There comes a time in life when we find ourselves increasingly reverting to parent-isms; particularly, it seems, if we have children ourselves. Child psychologist Bruno Bettelheim explained this phenomenon in his 1970’s tome “A Good Enough Parent”. He claims it is most common when we are under stress: our brains will reach in panic for clues on how to act and, in the absence of anything better, will draw on the last time we found ourselves in a similar situation. If that last time was when we were a child, we will parrot the way our parents dealt with the situation (usually by shouting!) because, under stress, we don’t have the time or wherewithal to create a different response. This, according to Bettelheim, is compounded by the fact that we tend to bury negative experiences as they are too painful to bear scrutiny – so the response comes out, in the raw, exactly the same way as it was before, only this time – we are the ones doing the shouting!

So many of our attitudes are shaped by our upbringing – and the rest are shaped by our experiences. If your parents had a very relaxed attitude to money (whether or not there was plenty to go around), the chances are, you will too. Equally, if your pocket money was docked every time you smeared a grubby finger on the sofa because you were shortening its useful life, you might also find yourself stressing about the financial implications of every action. Or, you might have been shaped in quite the opposite way, learning the lessons of your elders and swearing not to make the same mistakes (“My parents lost everything we had in a Bingo hall in Slough – I’ll never put my kids through that humiliation”).

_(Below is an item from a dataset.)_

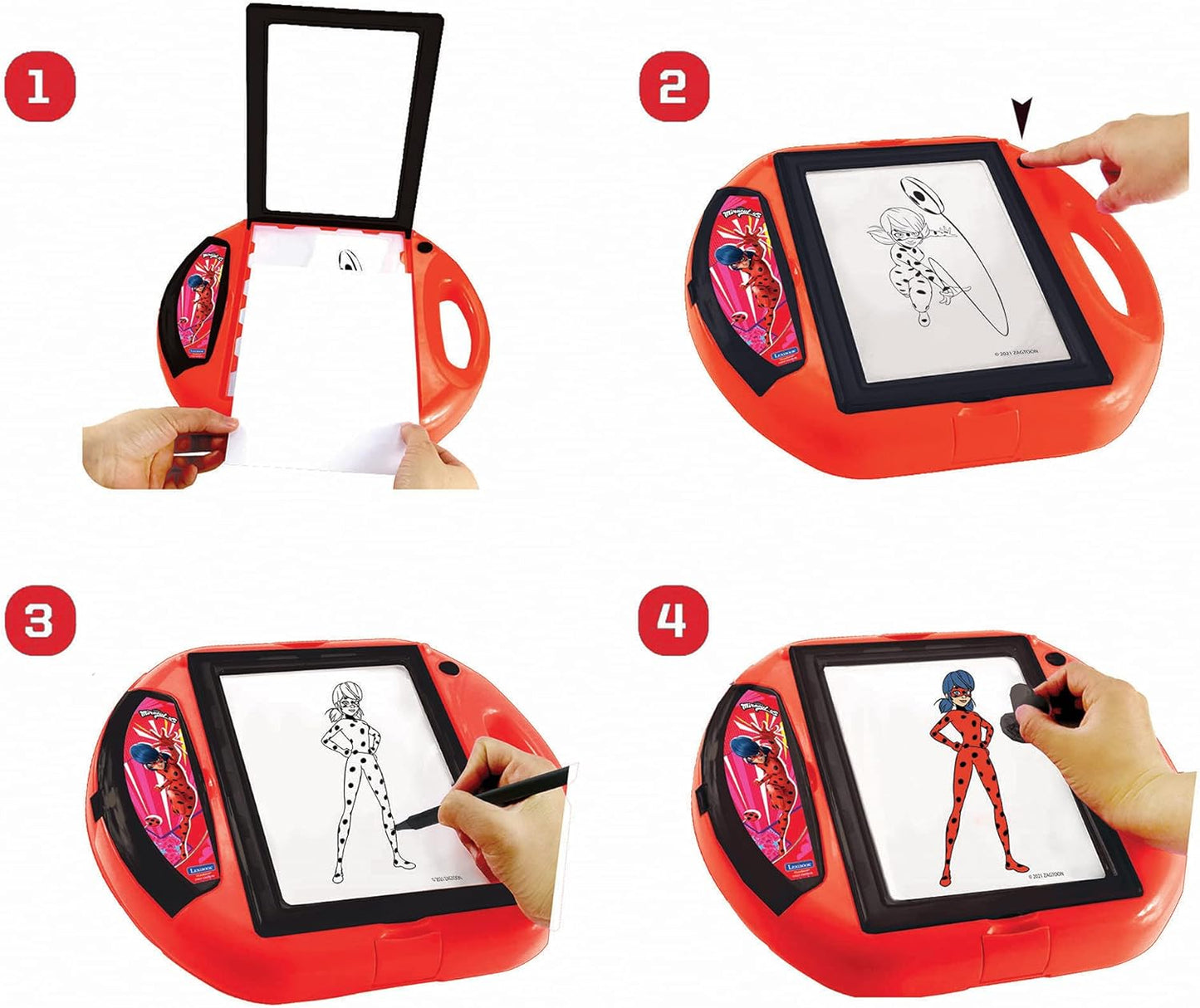 Miraculous Ladybug Zeichnungsprojektor mit Schablonen und Stempeln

One way or another, attitudes to money and finance are influenced by the past, but it is important to recognise that the Past You does not have to be the Future You, or even the Present You. Feelings towards money can, of course, change with time and experiences. Furthermore, the actual amount of money we have can bring a great deal of influence to bear on our spending patterns; although not always in the way we might think. For example, if money is tight it can be tempting to take a short-term view of our finances – when there is little prospect of saving enough to change our life circumstances, why not spend what is available to make the here-and-now more palatable? Conversely, when wealth starts to accumulate, the fear of losing it can prompt a tightening of the purse strings. Also, attitudes towards what is affordable tend to move in line with our income - most of us have a figure above which a bottle of wine, pair of shoes or haircut is considered too expensive, and that is determined by how much we earn  –  but the point at which it becomes “a ridiculous amount to pay” is probably shaped by our backgrounds, the company we keep and – for some people – our aspirations (spending, say, 1% of your disposable weekly income on a bottle of wine might get you a £3 bottle or a £300 bottle; where you draw the line can say a lot about you!).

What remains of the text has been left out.